Irrésistible Nuit des Rois:
du rythme, des chants, du rire
le théâtre élisabéthain en Commedia.

La preuve du pudding, disent les Anglais, c'est de le manger. Et cette Nuit des Rois à l'italienne est des plus gouleyantes. C'est un vrai feu d'artifice d'effets et de surprises, sans que l'on tombe jamais dans la vulgarité ou le tapage gratuit.
(Philip Tirard - La Libre Belgique)


Egalement passionné par le travail que l’Altane Théâtre effectue avec la Commedia dell’Arte depuis qu’il a vu la « Mascarade Fantastique », Paul EMOND aime travailler sous forme de work in progress avec les comédiens lorsque cela lui est permis. Or la Commedia exige ce type de travail. En effet, lors de la construction du spectacle, nous fixons les choses essentielles mais le reste est en perpétuelle évolution.

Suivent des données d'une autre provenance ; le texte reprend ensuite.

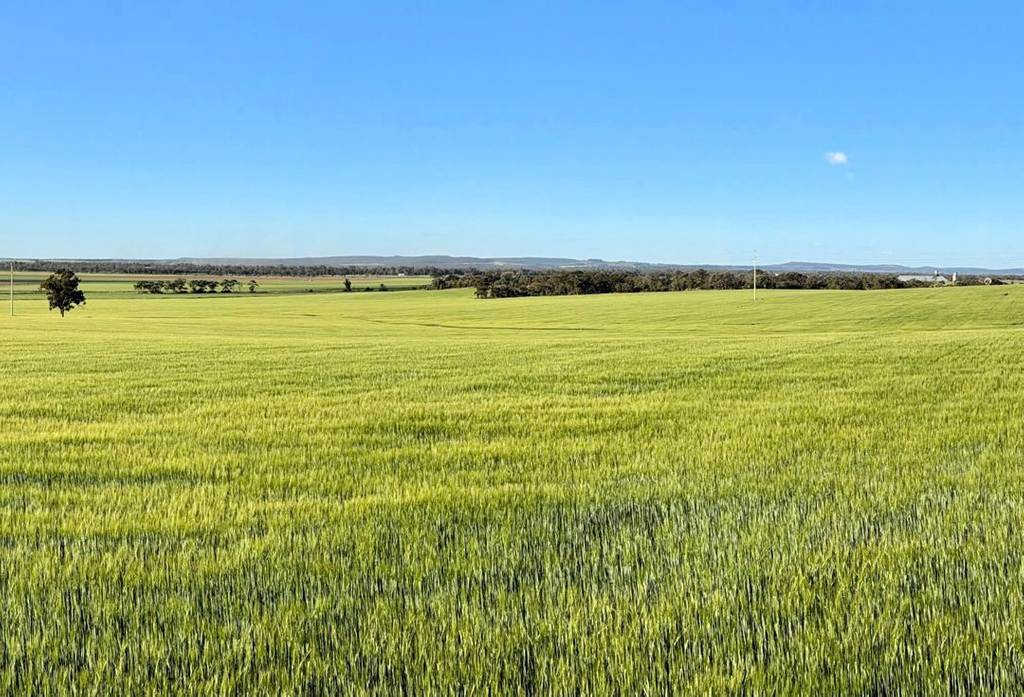 Binneguy Station, Biniguy NSW 2399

Ce n’est pas seulement la xème adaptation de La Nuit des rois mais c’est un travail plus particulier que j’ai mis en chantier avec l’Altane Théâtre. Dans mon parcours d’auteur et d’adaptateur (si je compte bien, il s’agit ici de ma treizième adaptation!), ce travail représente quelque chose de nouveau et donc, pour moi, de particulièrement intéressant et stimulant: déporter la célèbre comédie de Shakespeare vers la Commedia dell’Arte, tout en s’efforçant d’en garder un maximum de traits spécifiques.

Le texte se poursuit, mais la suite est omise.